DIRECTIONS FOR THIS TASK:
Return only the lines running from the one that contains "кровать двуспальная 160х200" through the end of the entries, exactly, both ends included. Omit pictures.

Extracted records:
++++

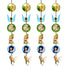 Tinker Bell Theme Classic Dangler - image 1 of 3 | Party Supplies India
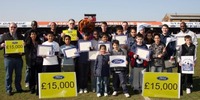 Ford donations to east London youth football top £245,000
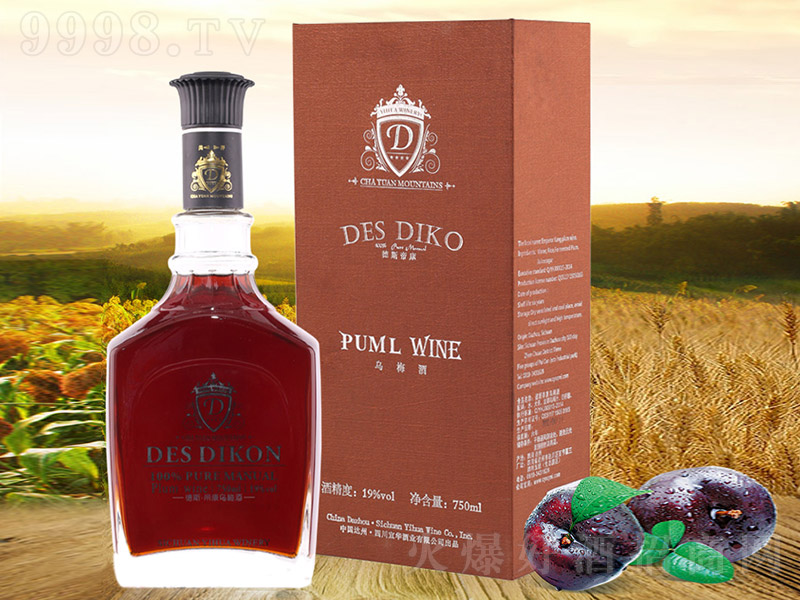 ��˹�ۿ��YƷ�О�÷�ơ�19�� 750ml��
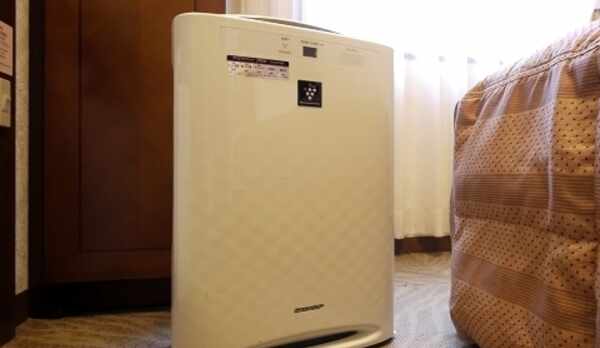 加湿空気清浄機　全室完備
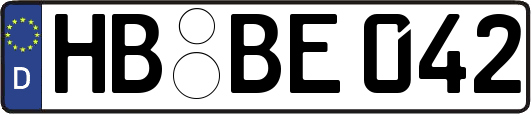 HB-BE042
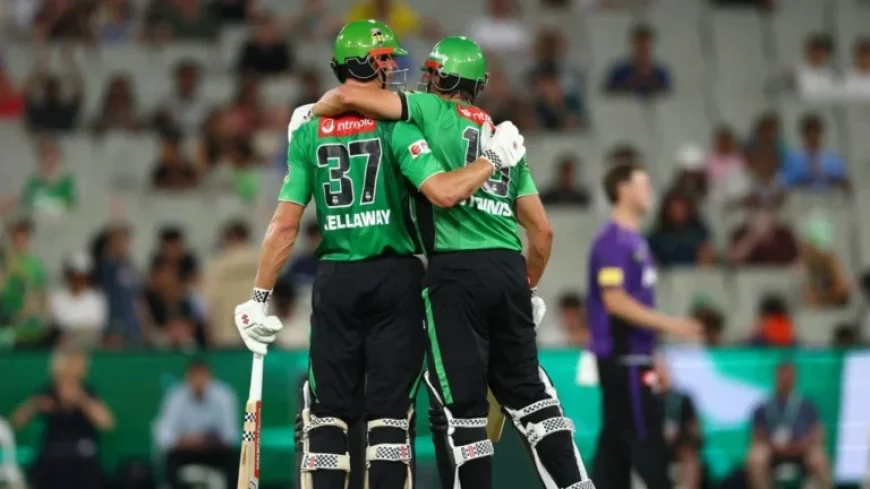BBL Squad Announced: Stars Prepare for The Knockout Round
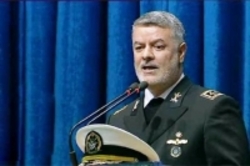 فرمانده نیروی دریایی ارتش: دنیا نمی تواند ایران اسلامی را نادیده بگیرد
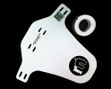Guardabarros de BMX MUCKY NUTZ Blanco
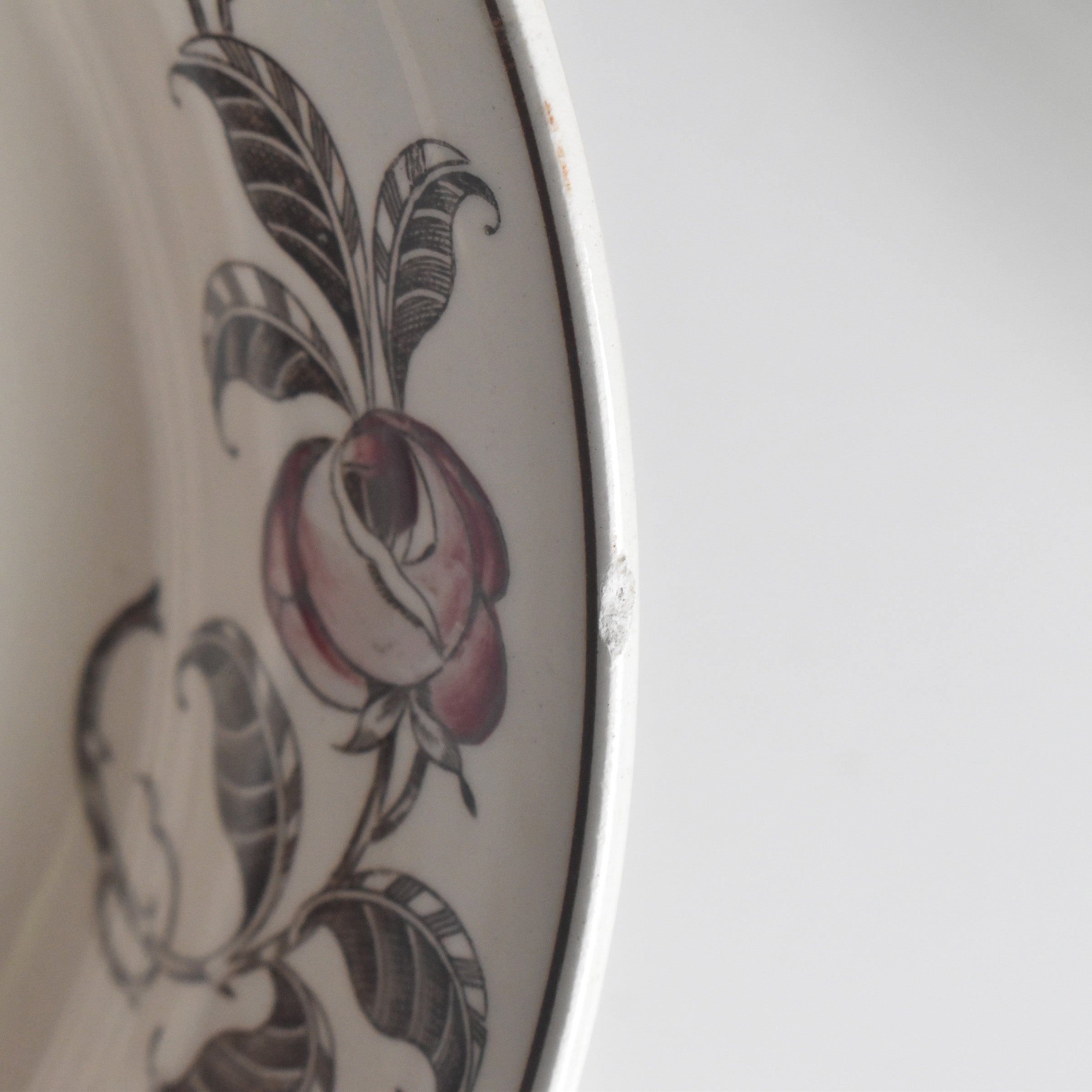 アンティーク深皿 ロンシャン Roseraie（ロズレ） A — Loane Interior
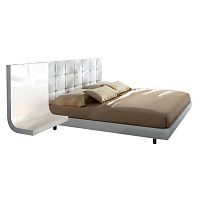 кровать двуспальная 160х200 белая fenicia в Омске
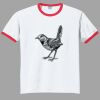 Ultra Cotton ® Ringer T Shirt Thumbnail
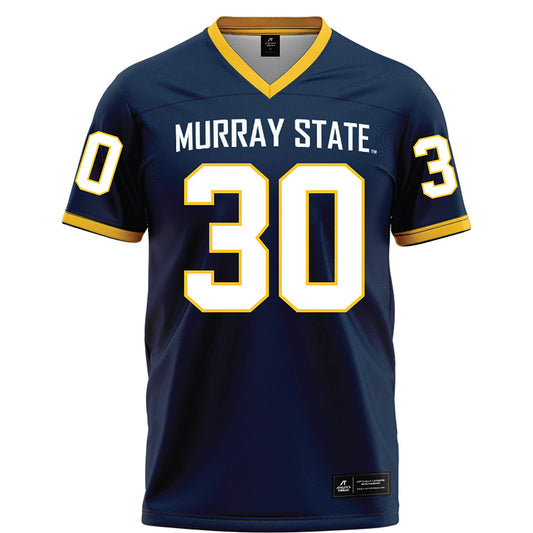 Murray State - NCAA Football : Kamden Miller - Blue Football Jersey-0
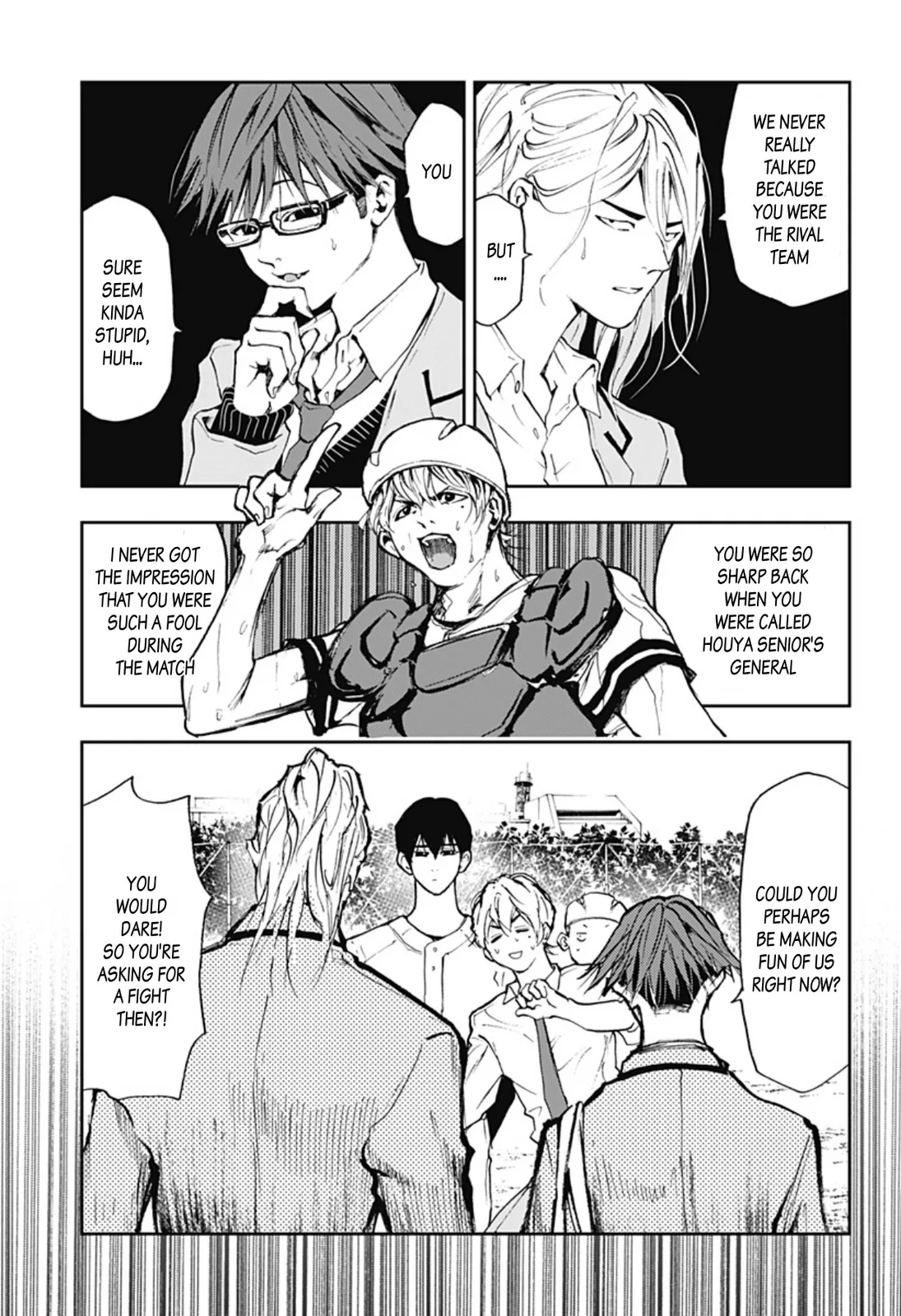 Boukyaku Battery Chapter 3 page 11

++++

ANSWER:
 кровать двуспальная 160х200 белая fenicia в Омске
 Ultra Cotton ® Ringer T Shirt Thumbnail
 Murray State - NCAA Football : Kamden Miller - Blue Football Jersey-0
 Boukyaku Battery Chapter 3 page 11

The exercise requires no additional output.